- **TASK DIRECTIONS**
Transcribe the whole listing below without changing a word, but leave out every image.

- **DATA EXCERPT**
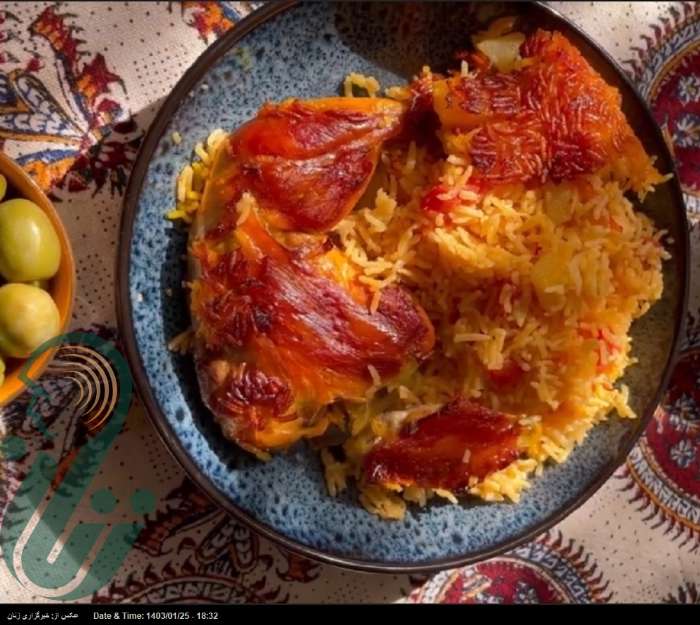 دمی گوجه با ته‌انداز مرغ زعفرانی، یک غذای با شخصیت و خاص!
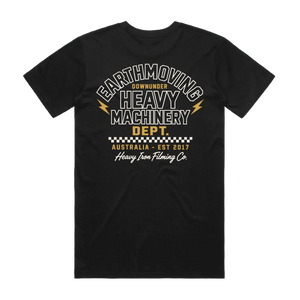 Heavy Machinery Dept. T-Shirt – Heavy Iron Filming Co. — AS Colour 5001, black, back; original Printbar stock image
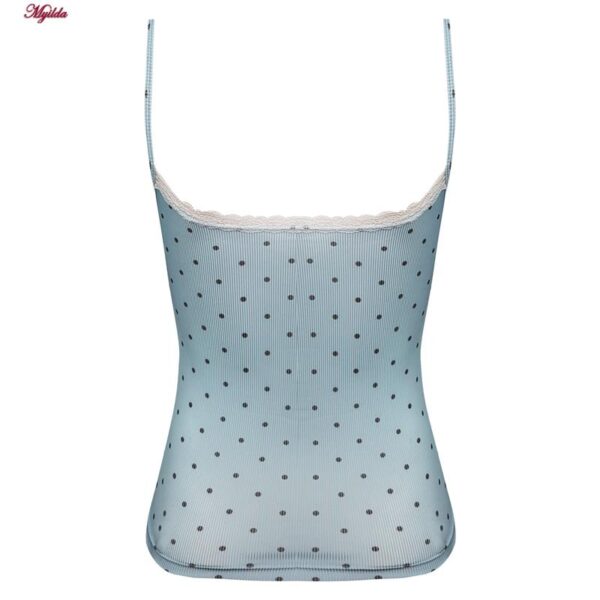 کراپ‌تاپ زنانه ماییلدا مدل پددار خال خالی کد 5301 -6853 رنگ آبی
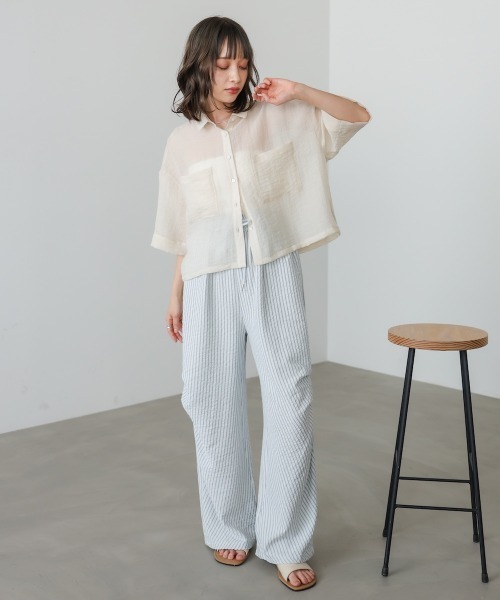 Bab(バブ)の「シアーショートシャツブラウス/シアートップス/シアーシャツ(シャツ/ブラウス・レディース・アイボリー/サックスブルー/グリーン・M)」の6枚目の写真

- **WRITTEN ANSWER**
 دمی گوجه با ته‌انداز مرغ زعفرانی، یک غذای با شخصیت و خاص!
 Heavy Machinery Dept. T-Shirt – Heavy Iron Filming Co. — AS Colour 5001, black, back; original Printbar stock image
 کراپ‌تاپ زنانه ماییلدا مدل پددار خال خالی کد 5301 -6853 رنگ آبی
 Bab(バブ)の「シアーショートシャツブラウス/シアートップス/シアーシャツ(シャツ/ブラウス・レディース・アイボリー/サックスブルー/グリーン・M)」の6枚目の写真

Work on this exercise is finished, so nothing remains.